After the announcement in October 2018, regulatory approval took six months. Meanwhile, incumbent CEO Wood and Jacobs Engineering CEO Steven Demetriou made a commitment that there would be a distribution between key people. A steering committee was set up with leaders from both organisations, and each position in the integration team had two people associated with it, one from Worley, one from Jacobs, “so you were bringing both perspectives together,” says Ashton.

When the steering committee launched the new organisational structure, it colour-coded the roles (blue for Jacobs, red for Worley) so people could see there was a balance. The colours have been carried through to the company’s new logo.

“It wasn’t all red, it was red and blue, and we cascaded that through the organisational structures,” says Ashton. “It led to an ease that we were leading to integration, not a takeover. Depending on how much of the planning dictated the need for two people, we picked the best person, sometimes Worley, sometimes Jacobs.

Archeological dig

Once the organisations came together, Ashton says it was a question “of what was the one-plus- one-equals-three?” What was the new purpose of this organisation? “I didn’t have the answer, but I believed the answer lived in the organisation.”

There were two ways the purpose could evolve, he says. Top-down would have been to get 25 of Worley’s best into a room for a few days and brainstorm. However, bottom-up was the key.

“I stepped back and thought, if I’d left school at 16 and worked at all these layers of the organisation, what would I want? As an employee, I’d want to be part of the process that delivered the purpose.”

An earlier conversation with ANZ CEO Shayne Elliott MAICD had impressed on Ashton the notion of an archaeological dig. “It resonated — going into the business and listening to the heartbeat of the organisation. When you do an archaeological dig, you find a bit here, a prehistoric skeleton there. You understand what’s going on in the organisation.”

The company ran workshops across the business, facilitated by consultants nowhere and Samurai. Through late 2019, the workshops gathered perspectives and data from a cross- section of more than 1500 employees.
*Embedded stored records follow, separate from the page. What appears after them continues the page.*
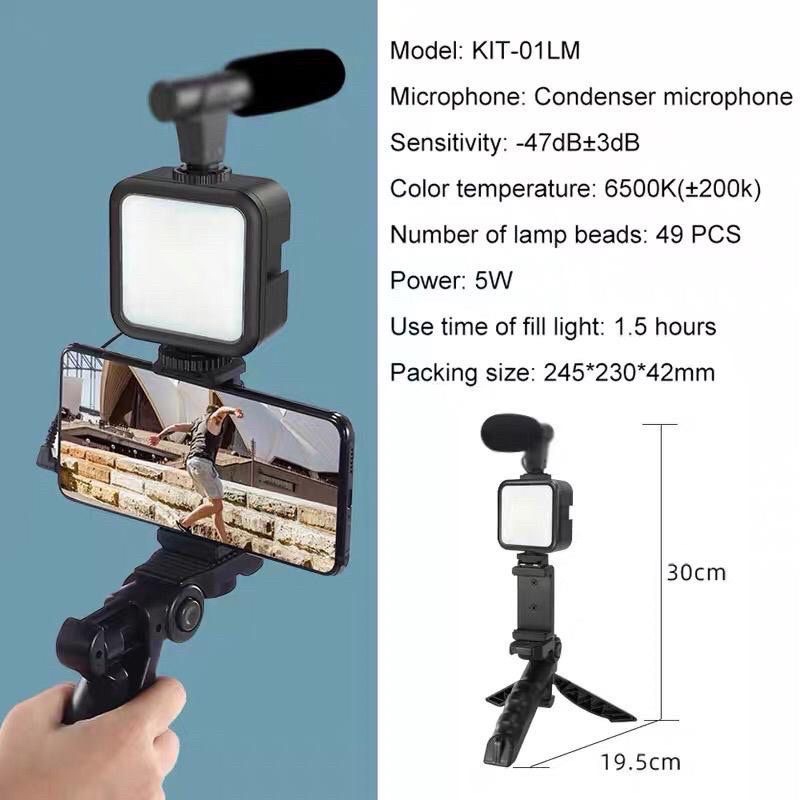 Paket Vlog Kit Tripod AY49 + Mikrofon LED Ligthning Remote Bluetooth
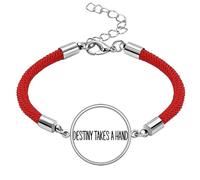 Destiny Takes A Hand Art Deco Fashion Lucky Red String Bracelet Rope Bracelet Handmade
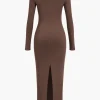 Asymmetrical Neck Slit Maxi Dress>MICAS Outlet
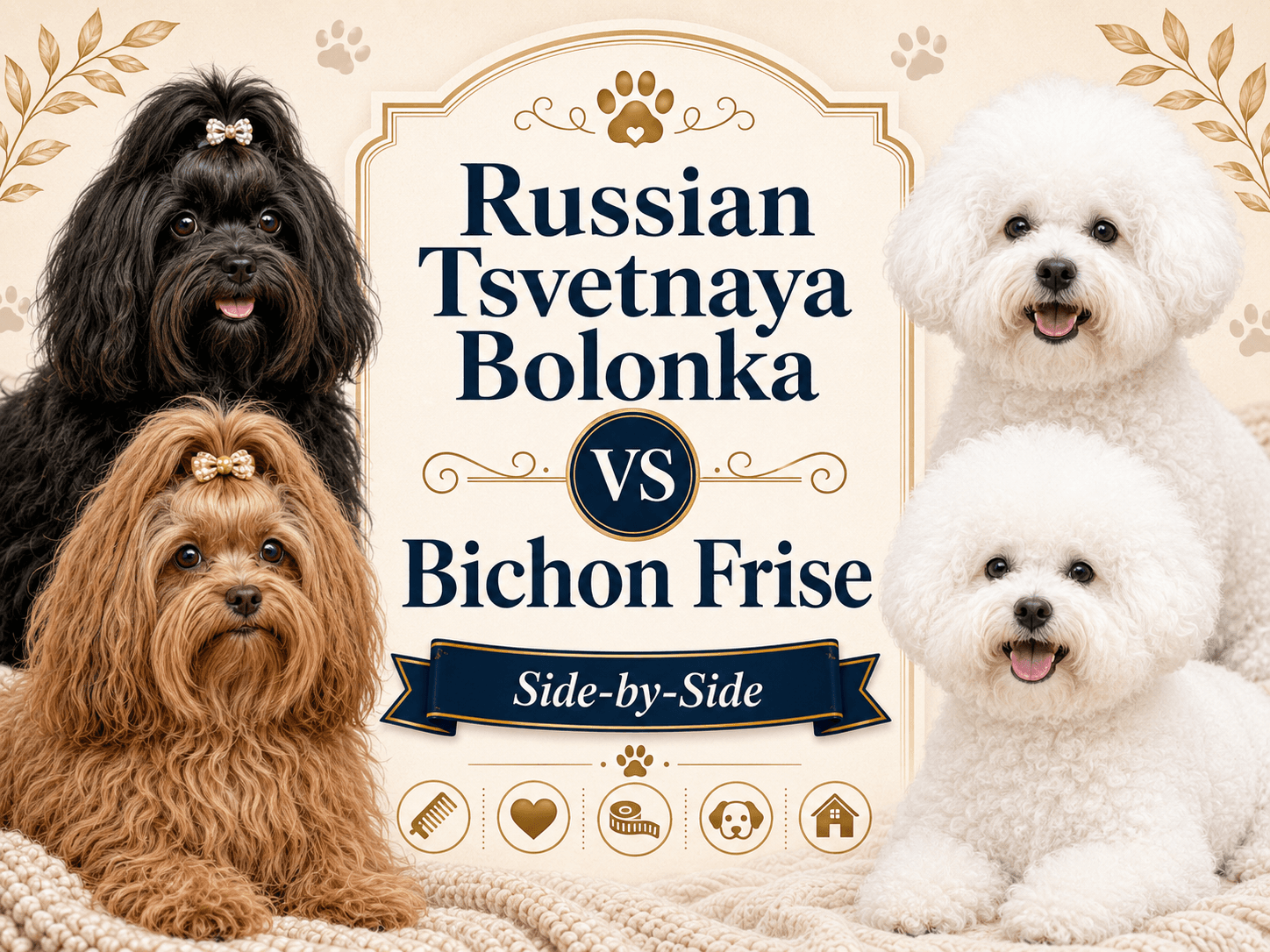 Russian Tsvetnaya Bolonka vs Bichon Frise comparison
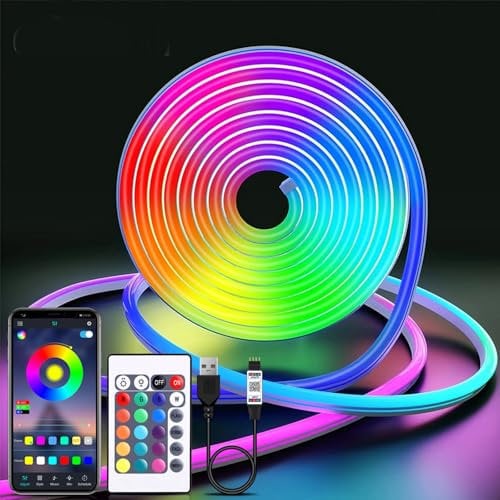 LRGBST 3M RGB Neon Streifen,5V IP65 Wasserdicht LED neon Light band with Bluetooth App and Fernbedienung für Home Neon Dekoration Beleuchtung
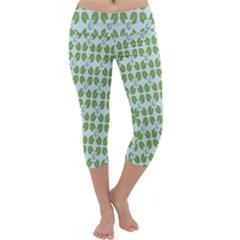 Leaf Flower Floral Green Capri Yoga Leggings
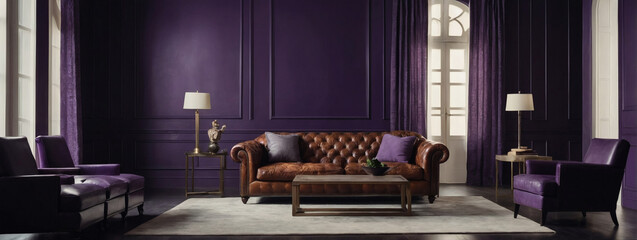 Living room décor includes a leather armchair against an empty royal purple wall. - obrazy, fototapety, plakaty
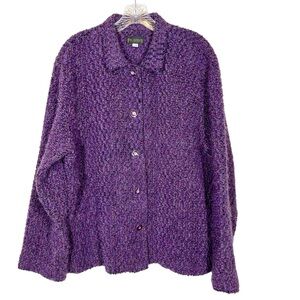 Picadilly Fashions | Vintage Wool Blend Chunky Boucle Cardigan Sweater Jacket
When COVID-19 hit, the remainder of the work had to be done by videoconference. But by March 2020, “we saw the purpose we have now — delivering a more sustainable world,” says Ashton.

This purpose was underpinned by four new values: Life, Stronger Together, Rise to the Challenge and Unlocking Brilliance. Graphically, the values came to life around the concept of leadership, people and impact on the world. Inspired by a painted handprint from an employee’s husband, the powerful images resonated with the 700 graduates a year the company recruits, through to people who had been with the company for many years. “They say it’s not about me, it’s about my grandchildren... to create a legacy beyond them,” says Ashton.
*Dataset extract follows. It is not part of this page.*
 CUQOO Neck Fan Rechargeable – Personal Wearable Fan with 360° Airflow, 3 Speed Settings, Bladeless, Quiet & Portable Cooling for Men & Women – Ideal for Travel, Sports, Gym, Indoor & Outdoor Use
Within three weeks of taking over from Wood, Ashton had to oversee the company as it mobilised 45,000 people to work from home as the pandemic hit. Health and safety was a priority.
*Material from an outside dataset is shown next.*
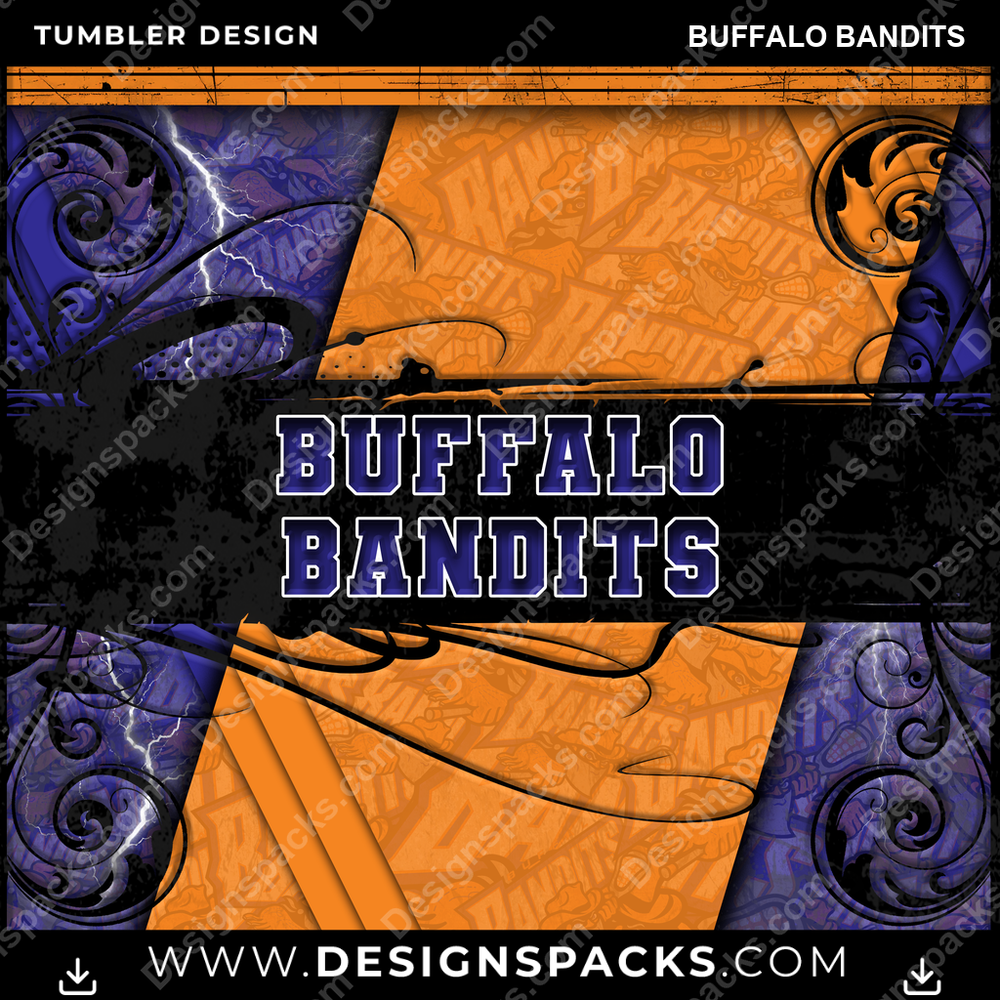 Lacrosse Elegant Buffalo Bandits Tumbler Digital Wrap Design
Ashton says the rapid shift in community and investor sentiment on climate change and energy became clear, which amplified the new corporate purpose. “We knew we were on the right track. We took it to the board in April, launched internally in June and formally in August with full-year results. It’s resonated beyond anything I could’ve imagined. COVID-19 gave us the opportunity to accelerate the change in the business more quickly. There was a need to transform faster, to emerge stronger.”

Worley joined the cohort of companies signalling a revised climate change position statement aligned with the Paris Agreement and UN Sustainable Development Goals. “The company has strengthened its performance evaluation with behaviours and ESG-related targets clearly linked to its incentive programs.”

The company is testing and commercialising energy transition technologies — from a renewable energy project to convert a San Francisco oil refinery into a processing plant for reusing cooking oil, to a contract to design the first commercial- scale plant to capture CO2 directly from the atmosphere.

“Chris has brought the structure into the company and it has worked well,” says Grill. “We are reinventing ourselves partially because we see it as good business sense and partially because the writing is on the wall for the business. The work is very aligned to our capability.”

Measure for measure

Chris Ashton MAICD

So much for targets and the talk, but amid rising concerns amongst investors and regulators at greenwashing, board and management are alert to the need for assurance. In three to five years’ time, Ashton aims for between 75–80 per cent of the company’s revenue to be coming from the sustainability domain.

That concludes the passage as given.